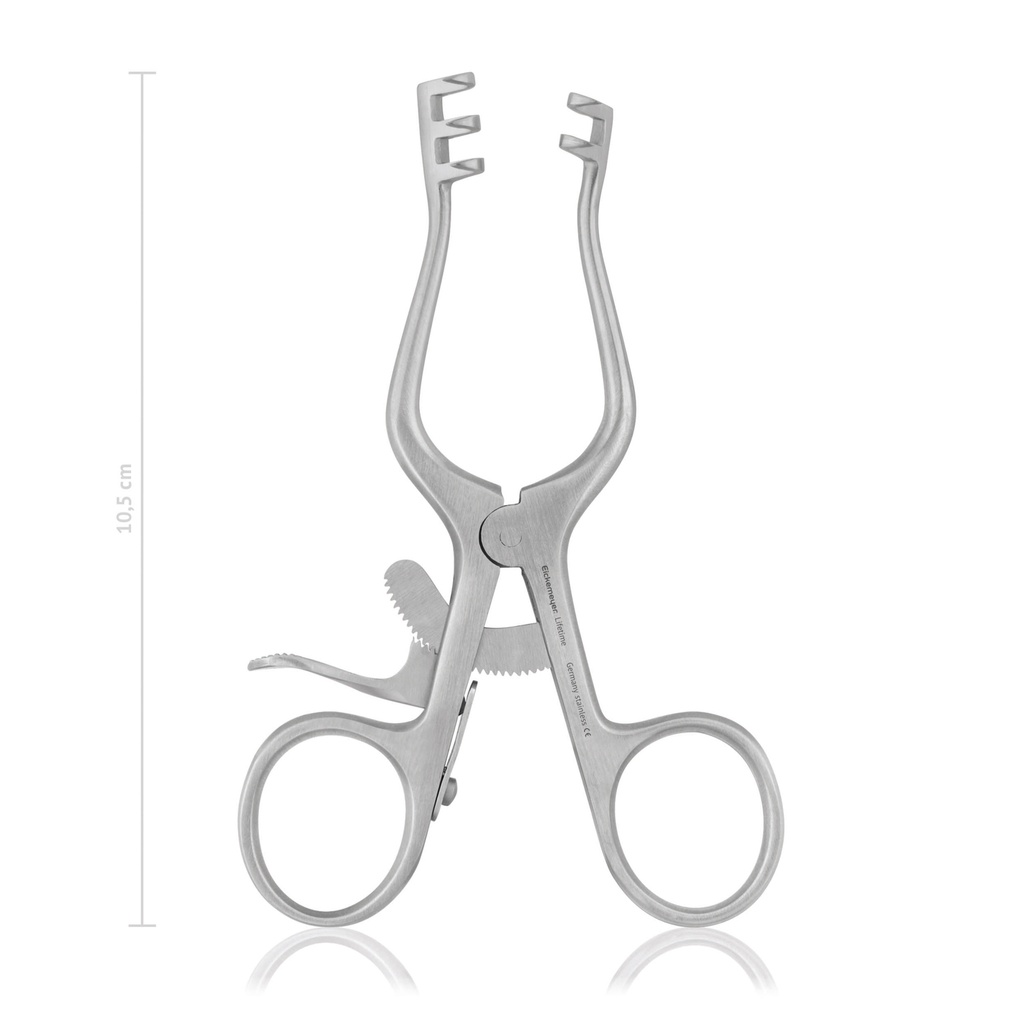 Wundspreizer WEITLANER, scharf, 10,5 cm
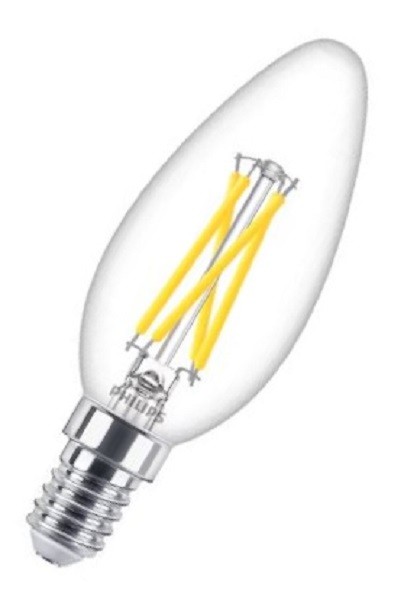 Philips LED Filament Master LEDcandle B35 klar 5,9-60W/922-927 abstimmbares Weiß 806lm E14 220-240V dimmbar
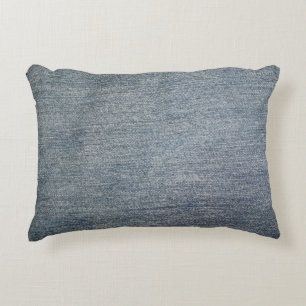 Light Denim Decorative Cushion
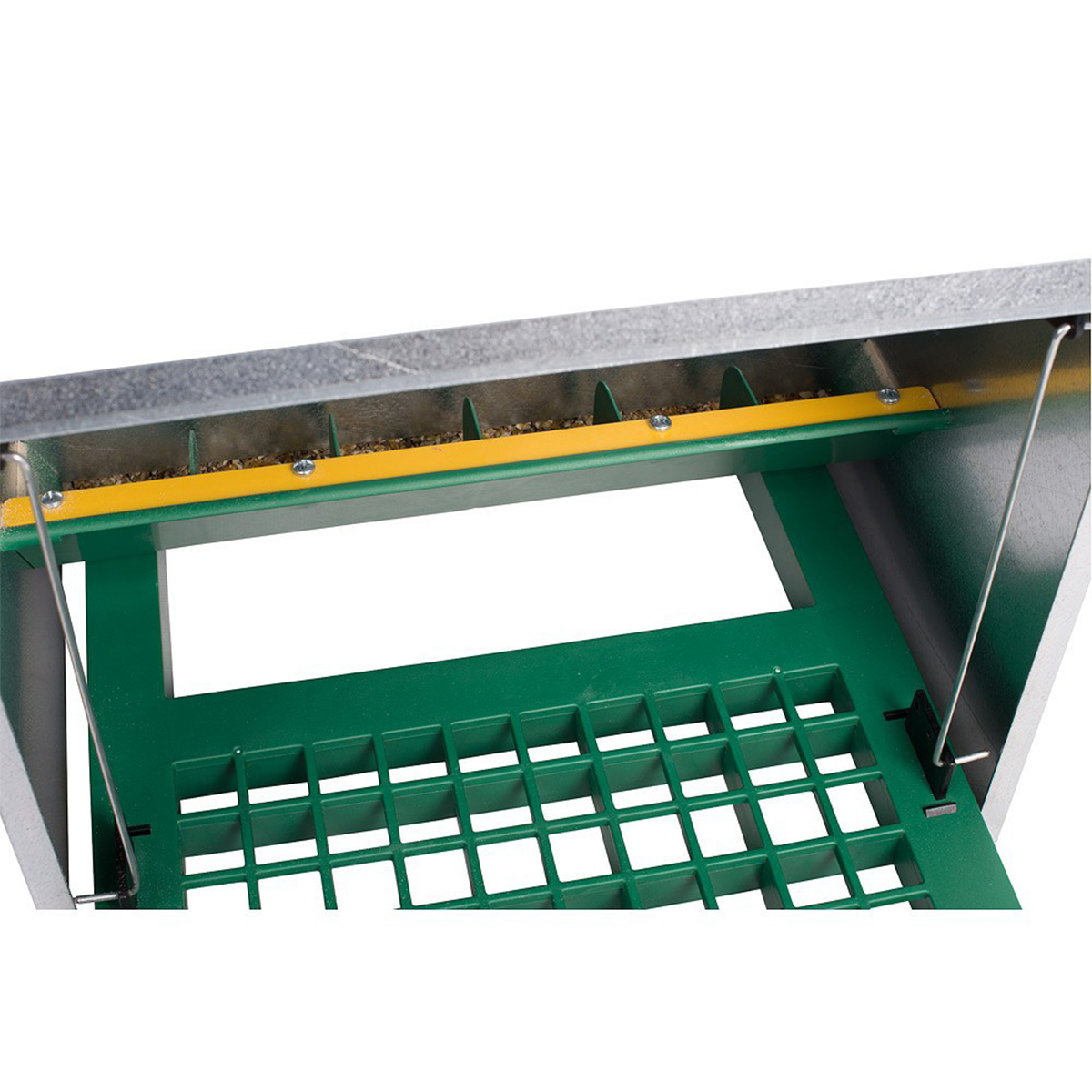 Olba Feedomatic Futterautomat mit Trittklappe Detail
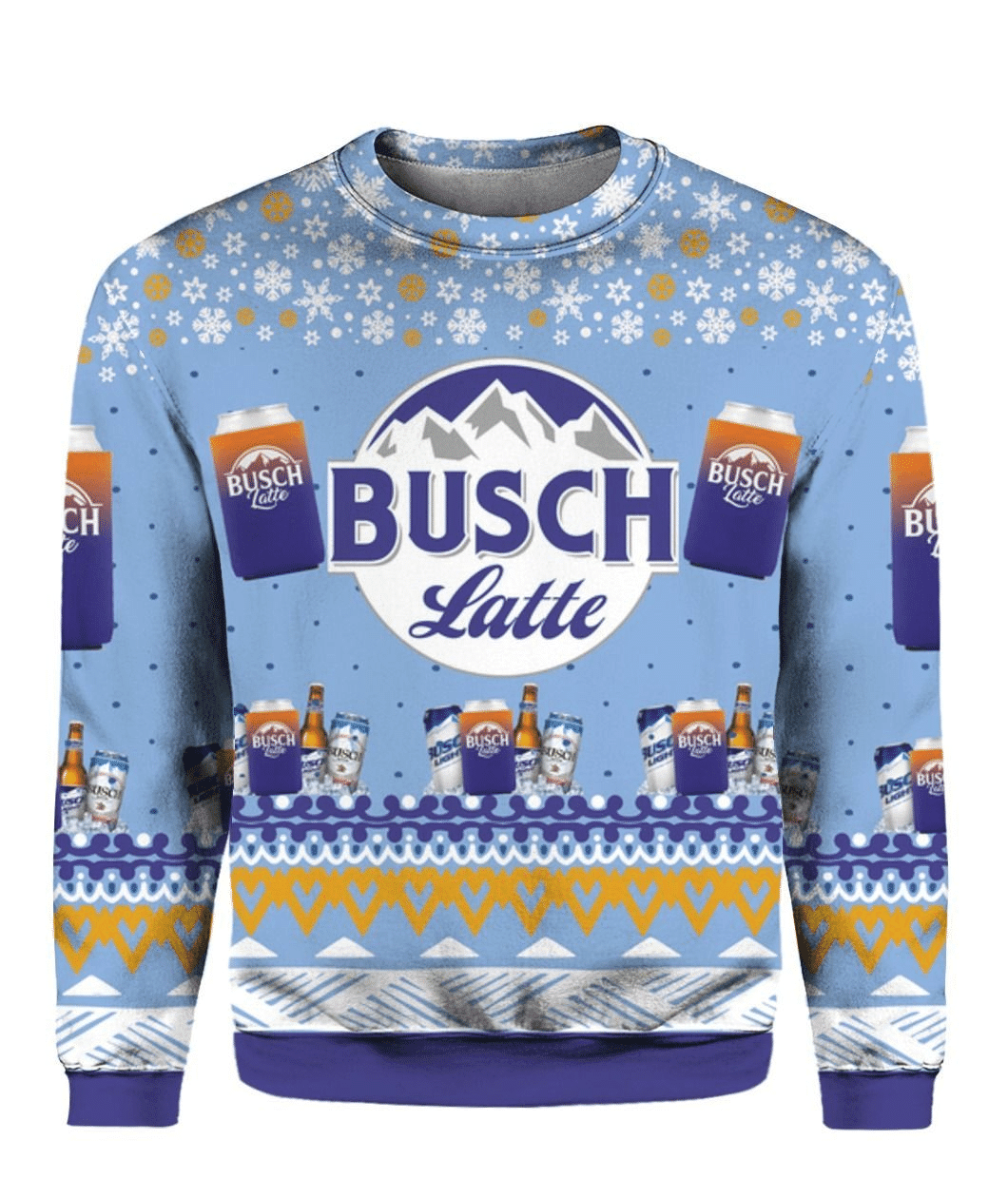 Busch Latte Beer 1 Ugly Sweater Gifts, Busch Latte Beer Gift Fan Ugly Sweater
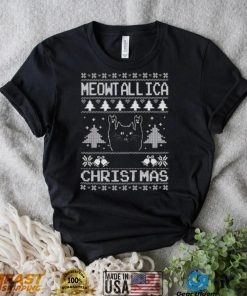 Meowtallica Xmas Ugly Christmas shirt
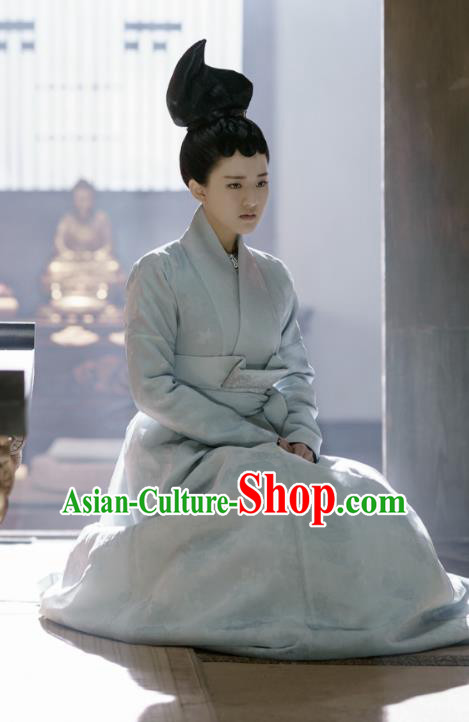 Chinese Ancient Court Maid Costume Untouchable Lovers Northern and Southern Dynasties Palace Lady Embroidered Replica Costumes for Women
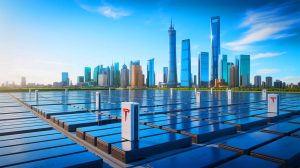 “Desperate Gamble Sparks Chaos”: New $557M Deal Sets Stage for US-China Energy Battle Illustration of Tesla and China's collaboration on the world's largest energy storage project.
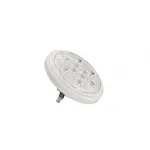 LED G53 QR111 источник света LED, 12В, 9Вт, 13°, 4000К, 800лм, белый корпус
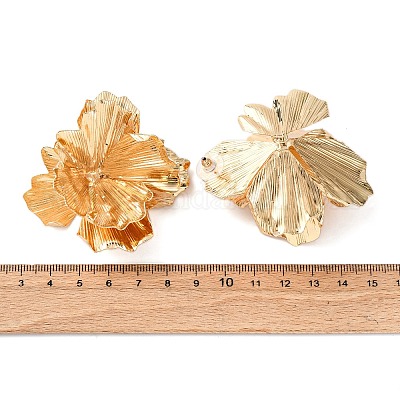 Железные серьги-гвоздики для женщин&nbsp;LS-EJEW-U063-02A-G-1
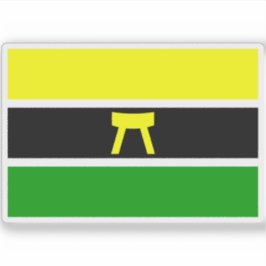 Pegatina Bandera de Ashanti, África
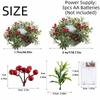 Red Berry Christmas Red Berry Light String 20/30LED Snowflakes LED Green Leaf String Lights DIY Fake Leaves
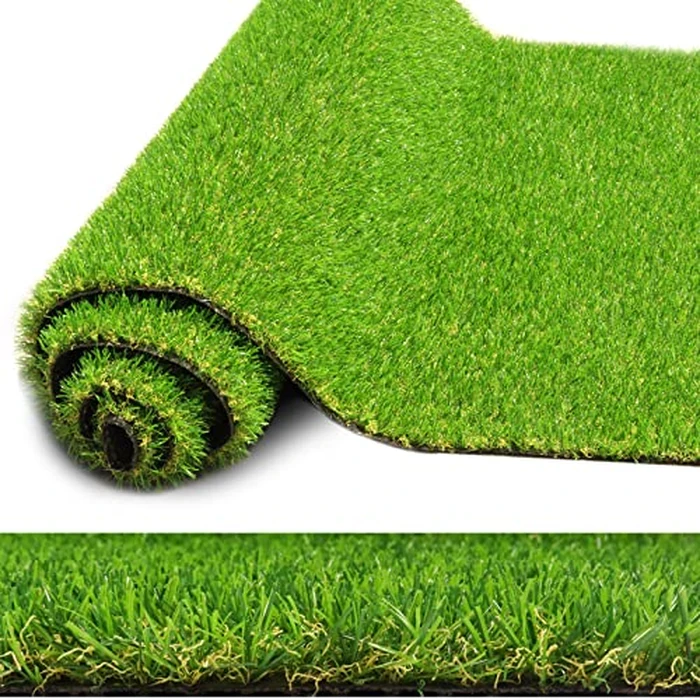 Realistic Artificial Grass Rug 4 FT x 6 FT Fake Faux Turf Grass, 0.8" Indoor Outdoor Patio Garden Lawn Landscape Balcony Synthetic Grass Mat, 4-Tones, Drain Holes, Rubber Backing by ZGR HOME&GARDEN - Used - Very Good condition - US$41.74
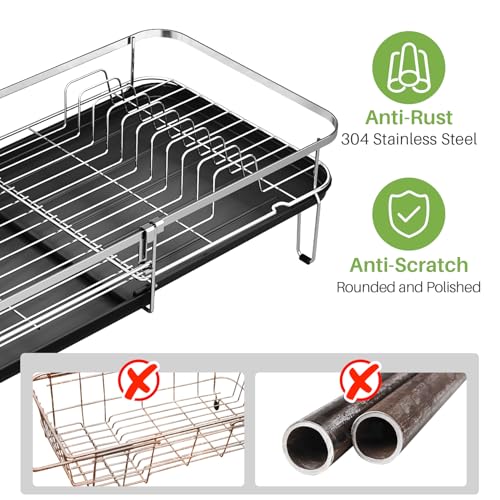 Expandable Dish Drying Rack for Kitchen Counter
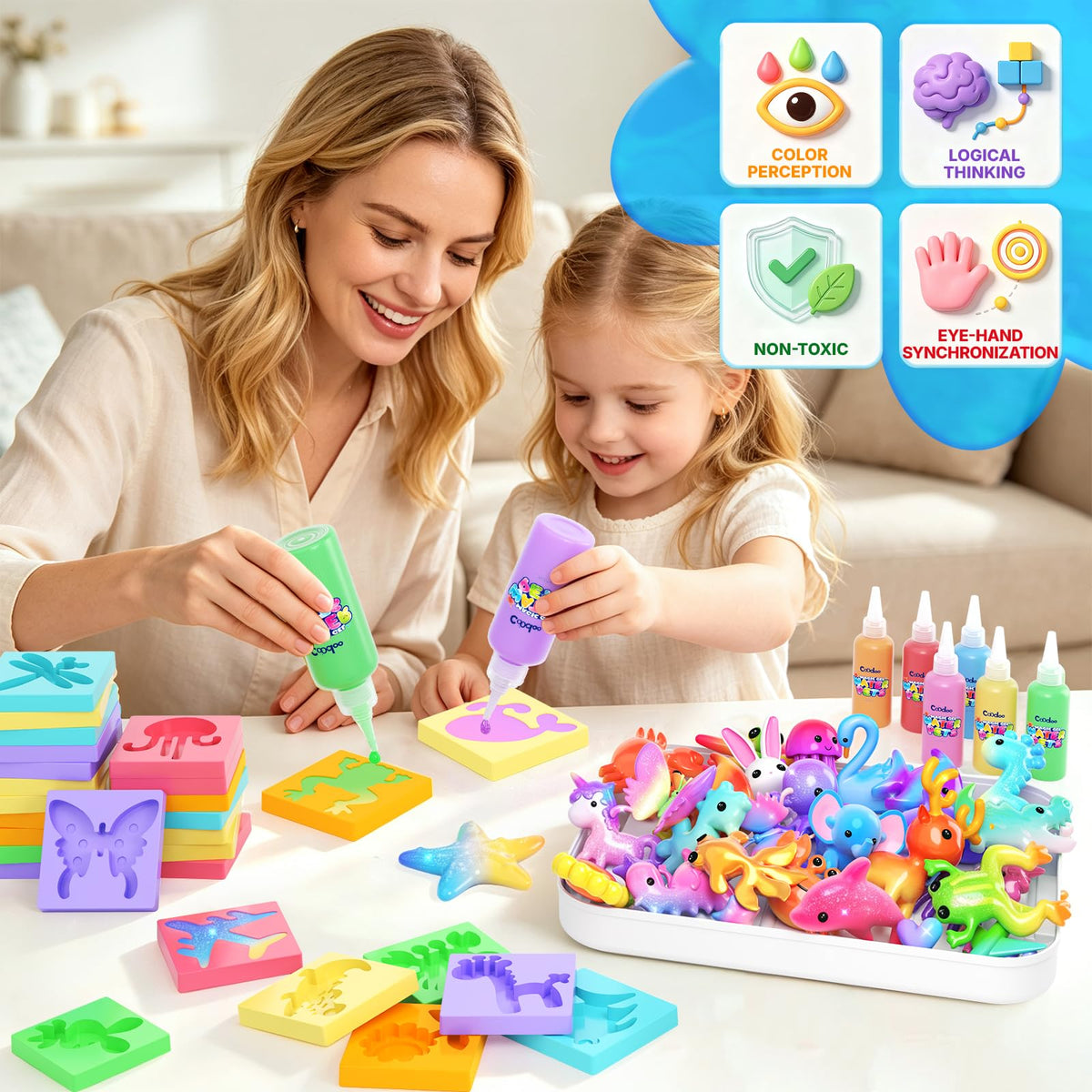 Magic Water Elf Toy Kits, DIY Squishy Making Kits Crafts for Kids 4-8 Ages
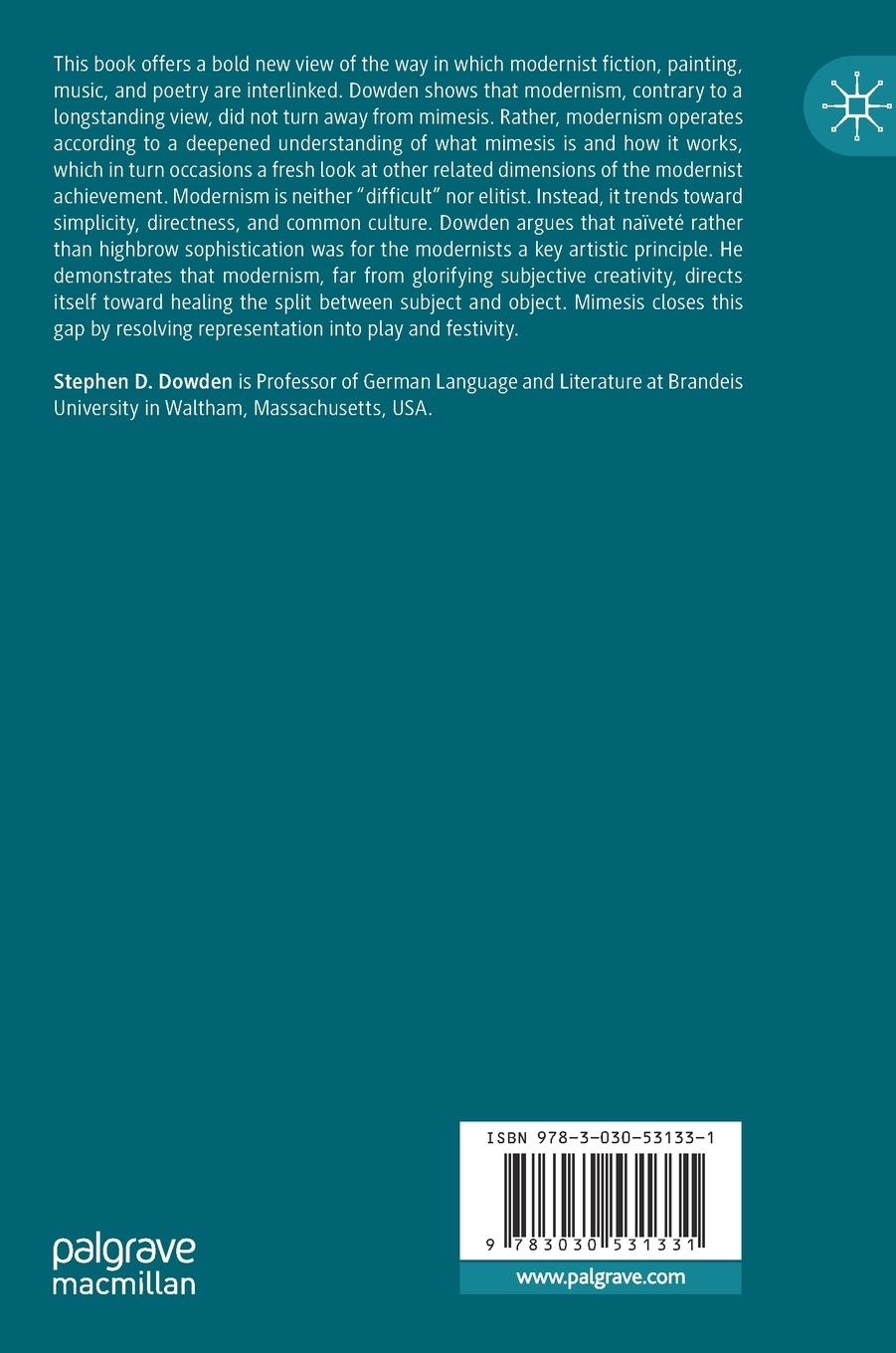 Rückseitencover Modernism and Mimesis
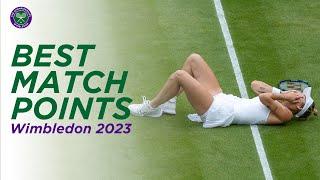 That Winning Feeling | The Best Match Points from Wimbledon 2023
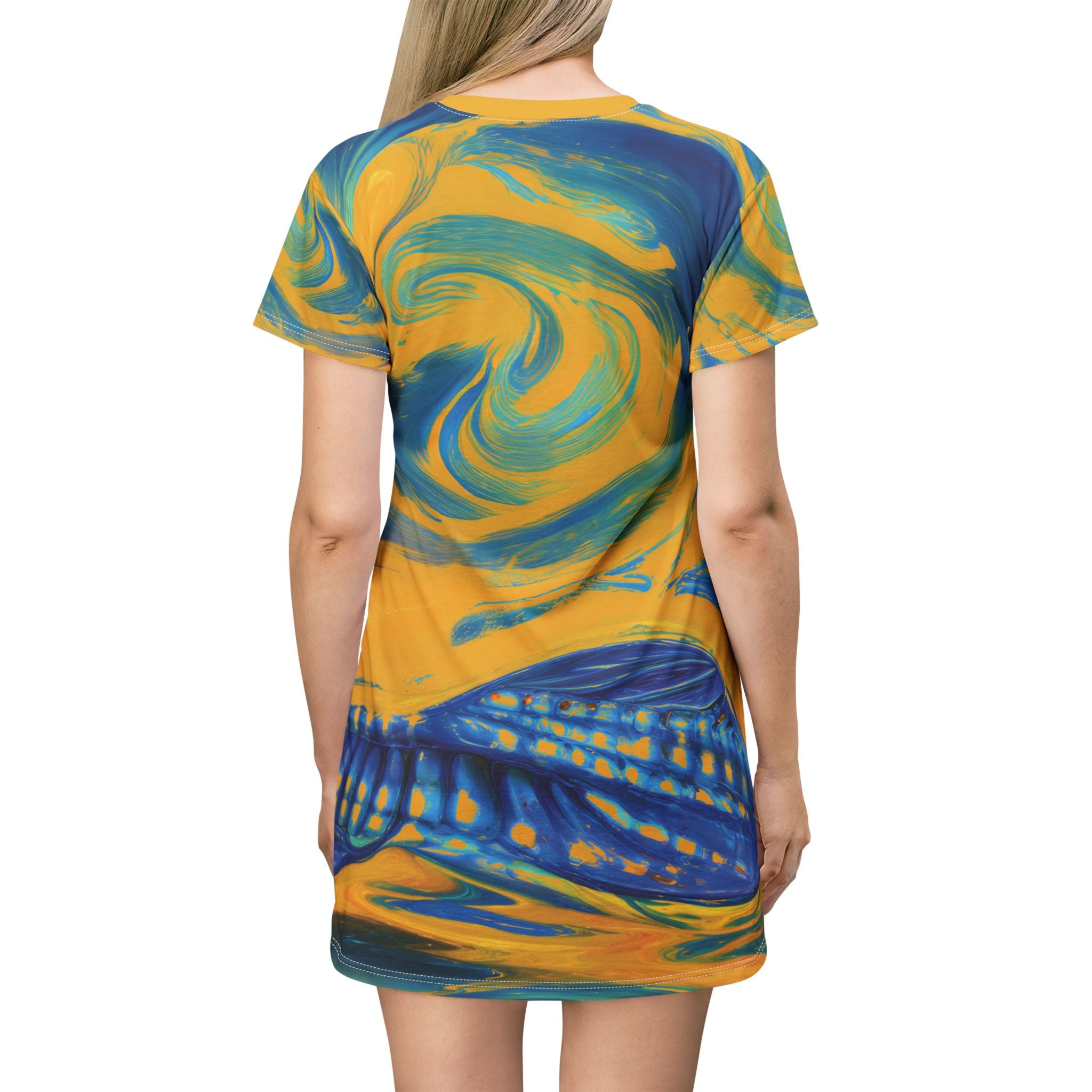 Surreal Opal Blue Eye T-Shirt Dress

THE PROBLEM – Restate word for word every line from the one with "energy storage project." up to and including the one with "That Winning Feeling" in the records above, minus the pictures.

PROBLEM SOLUTION –
 “Desperate Gamble Sparks Chaos”: New $557M Deal Sets Stage for US-China Energy Battle Illustration of Tesla and China's collaboration on the world's largest energy storage project.
 LED G53 QR111 источник света LED, 12В, 9Вт, 13°, 4000К, 800лм, белый корпус
 Железные серьги-гвоздики для женщин&nbsp;LS-EJEW-U063-02A-G-1
 Pegatina Bandera de Ashanti, África
 Red Berry Christmas Red Berry Light String 20/30LED Snowflakes LED Green Leaf String Lights DIY Fake Leaves
 Realistic Artificial Grass Rug 4 FT x 6 FT Fake Faux Turf Grass, 0.8" Indoor Outdoor Patio Garden Lawn Landscape Balcony Synthetic Grass Mat, 4-Tones, Drain Holes, Rubber Backing by ZGR HOME&GARDEN - Used - Very Good condition - US$41.74
 Expandable Dish Drying Rack for Kitchen Counter
 Magic Water Elf Toy Kits, DIY Squishy Making Kits Crafts for Kids 4-8 Ages
 Rückseitencover Modernism and Mimesis
 That Winning Feeling | The Best Match Points from Wimbledon 2023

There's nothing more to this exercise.